Enfin, il accomplit la première grande révolution conceptuelle de l'histoire des sciences : pour la première fois, la carte du monde est redessinée en profondeur. L'universalité de la chute des corps est remise en question, dans le cadre d'une nouvelle image du monde où l'espace n'est pas structuré en haut et bas absolus, et où la Terre flotte dans l'espace. C'est la découverte de l'image du monde qui caractérisera l'Occident pendant des siècles, c'est la naissance de la cosmologie, et c'est la première grande révolution scientifique. Mais c'est surtout la découverte qu'il est possible d'accomplir une révolution scientifique : pour comprendre le monde, il est possible et nécessaire de reconnaître que notre image du monde peut être erronée, et que nous pouvons la redessiner.

C'est la caractéristique centrale de la pensée scientifique. Ce qui nous apparaît le plus évident peut s'avérer faux. La pensée scientifique est une exploration toujours recommencée de nouvelles conceptualisations du monde.

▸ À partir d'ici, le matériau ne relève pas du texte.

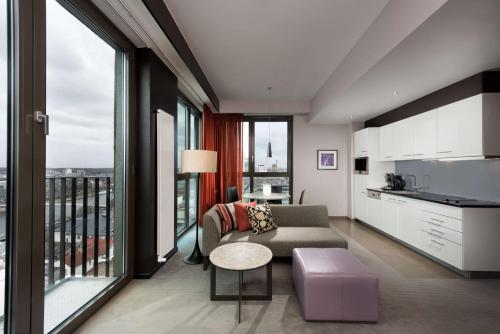Adina Apartment Hotel Frankfurt Neue Oper - image 2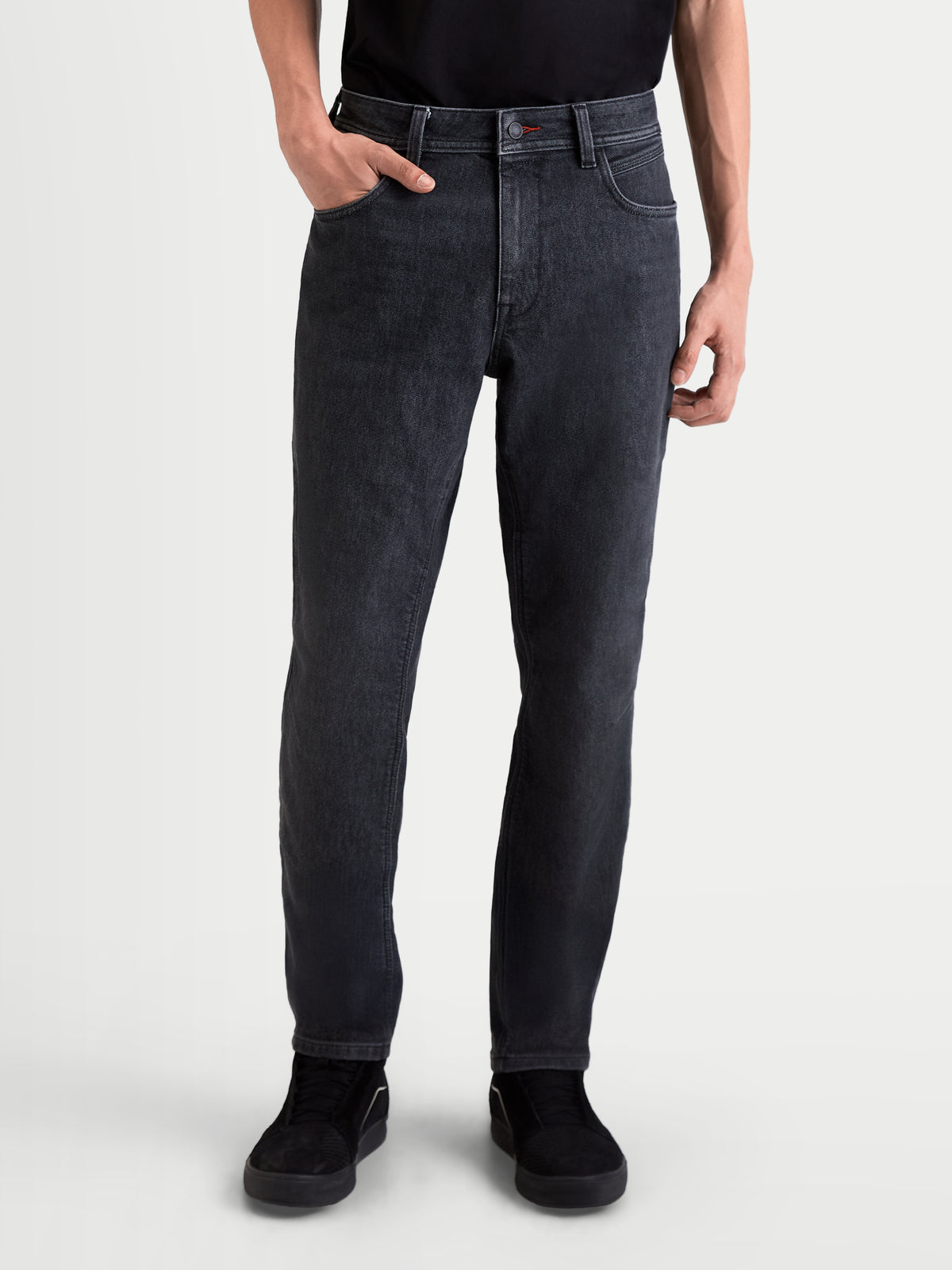 Alpinestars Flex Ast 7 Denim Pantaloni, jeans da moto urbani da uomo in nero slavato, con protezione certificata indossati da un modello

La connaissance naît d'un acte de révolte, respectueuse mais profonde, contre le savoir présent. C'est l'héritage le plus riche que l'Occident a offert à la civilisation mondiale qui se constitue aujourd'hui, sa contribution majeure.

Cette révolte est un défi, lancé par Thales et Anaximandre : libérer la compréhension du monde de la pensée mystico-religieuse, qui pendant des millénaires a structuré la pensée de l'humanité. Considérer la possibilité que le monde est compréhensible sans faire reposer cette compréhension sur un dieu ou plusieurs dieux. C'est une possibilité nouvelle pour l'humanité qui, aujourd'hui, après vingt-six siècles, fait peur à la majorité des hommes et des femmes de cette petite planète qui flotte dans l'espace.

La relecture du monde proposée par Anaximandre est une nouvelle aventure. L'aspect terrible, mais fascinant, de cette aventure, est de reconnaître et d'accepter notre ignorance. Accepter notre ignorance n'est pas seulement la voie royale vers la connaissance : c'est aussi la plus honnête et la plus belle. La précarité et le vide qui en résultent ne rendent pas la vie plus insensée ; ils la rendent plus précieuse.

Où nous porte cette aventure, nous ne le savons pas ; mais la pensée scientifique, comme révision critique du savoir traditionnel, ouverture sur la possibilité de se révolter face à toute croyance, capacité d'explorer de nouvelles visions du monde et d'en créer de plus efficaces, représente un chapitre majeur dans la lente évolution de la civilisation humaine. Un chapitre qui s'ouvre avec Anaximandre, et que nous poursuivons, curieux de savoir où nous allons.

[1] Roy A. Rarraport, Ritual and Religion in the Making of Humanity , Cambridge University Press © 1999. Salué comme un nouveau classique de l'anthropologie de la religion.

[2] Dans les trois sens du mot « humanité » : 1. comme espèce animale particulière ; 2. comme ensemble de caractéristiques qui distinguent cette espèce des autres animaux dans leur ensemble ; 3. et enfin comme valeur éthique.